Recorded information below:

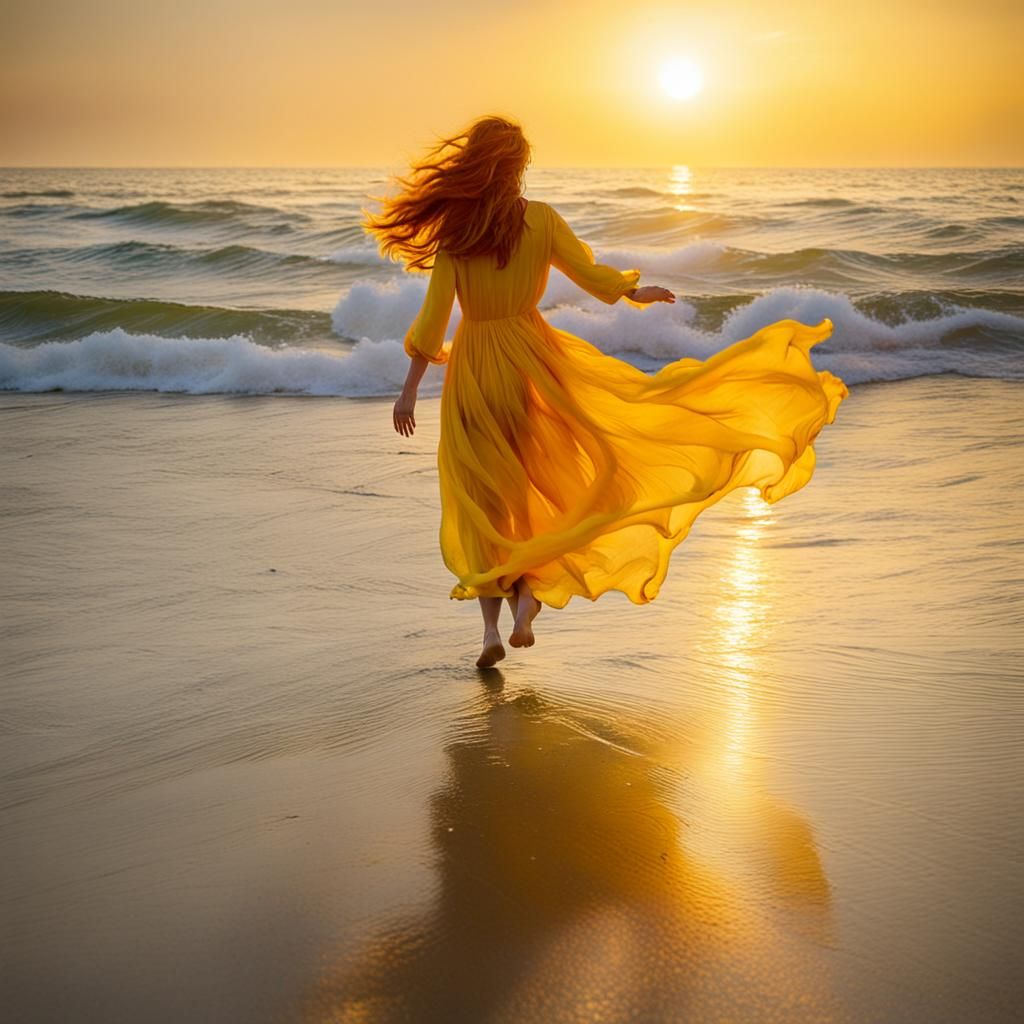 Woman with Red Hair Walking on Beach at Sunrise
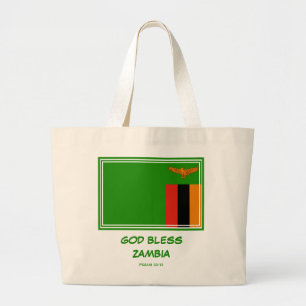 VÄLSIGNA DIG ZAMBIA Patriotic Zambian Flagga Jumbo Tygkasse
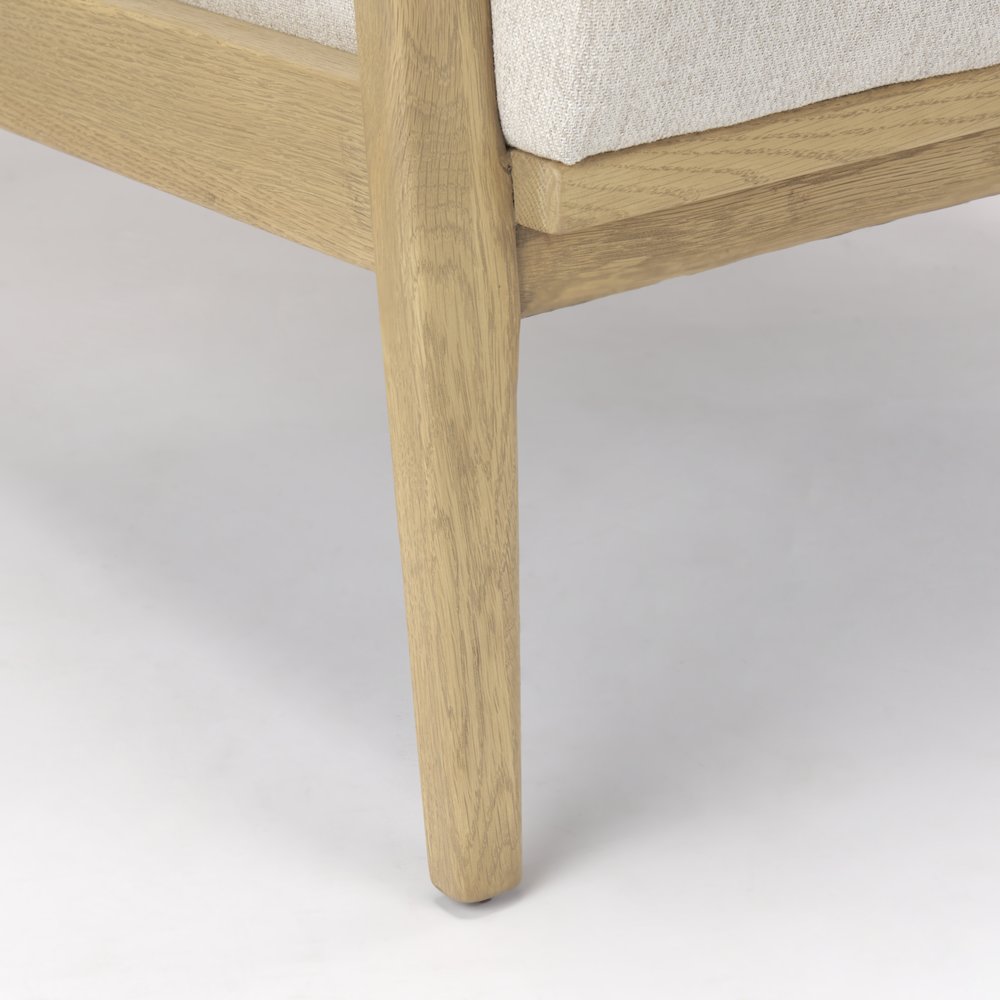 Raeleigh 28.0L x 34.1W x 34.4H Cream Fabric W/Light Brown Wood Accent Chair. Picture 9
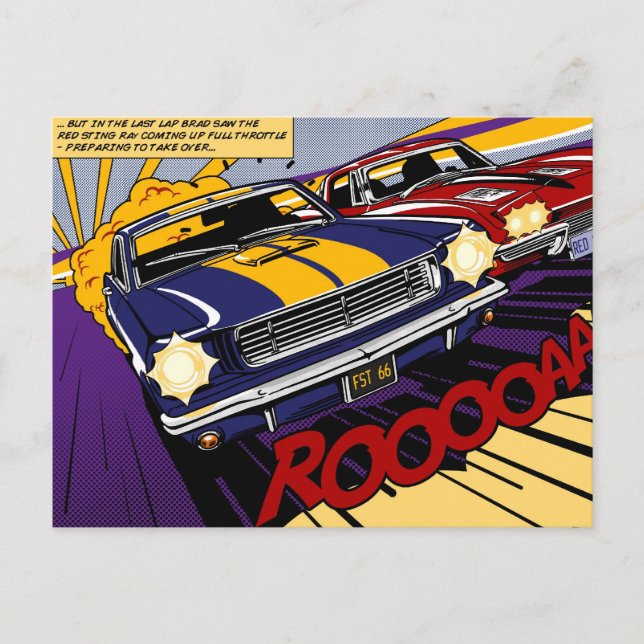 Duel: Mustang vs. Corvette Vykort (Framsida)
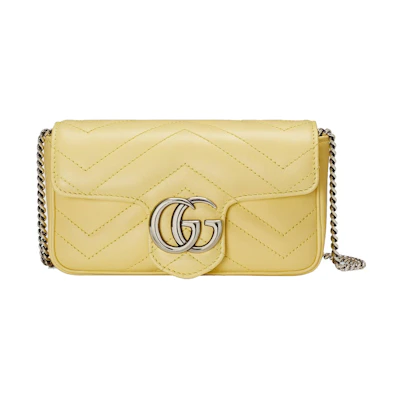 Gucci GG Marmont Matelasse Super Mini Bag Pastel Yellow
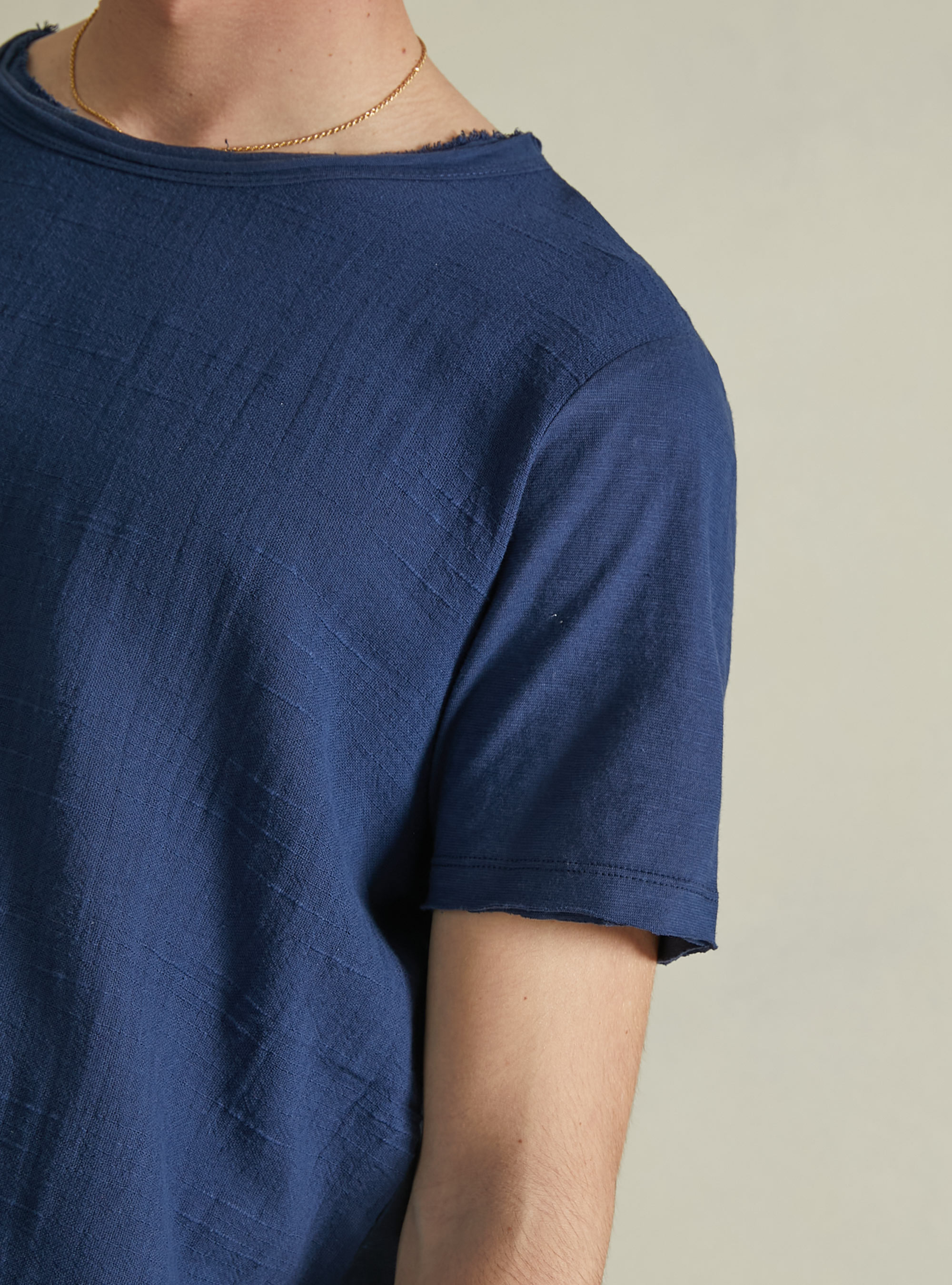 T-Shirt aus Leinenmischung mit kurzen Ärmeln, NA2 NAVY MEDIUM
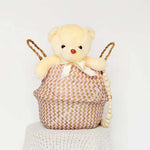 panier rangement tressé bleu beige zigzag ours peluche bois poignées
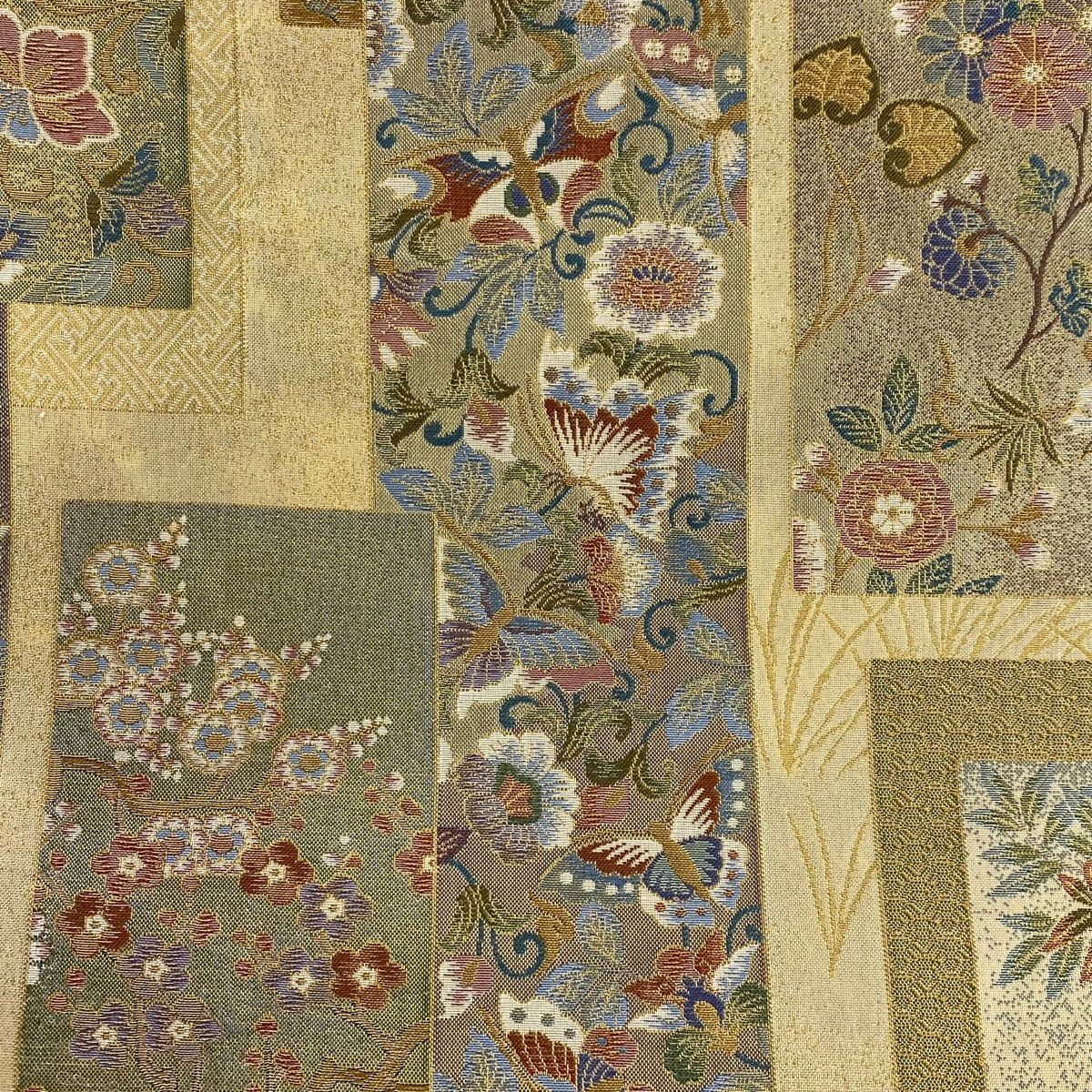 丸帯 伝承国宝図 草花 鳥 金糸 箔 金色 お太鼓柄 正絹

End of Recorded information.

▸ **What you should do**:
In the answer, include exactly the lines from the one containing "panier rangement tressé" through the end of the records above and no pictures at all.

▸ **Output for this task**:
 panier rangement tressé bleu beige zigzag ours peluche bois poignées
 丸帯 伝承国宝図 草花 鳥 金糸 箔 金色 お太鼓柄 正絹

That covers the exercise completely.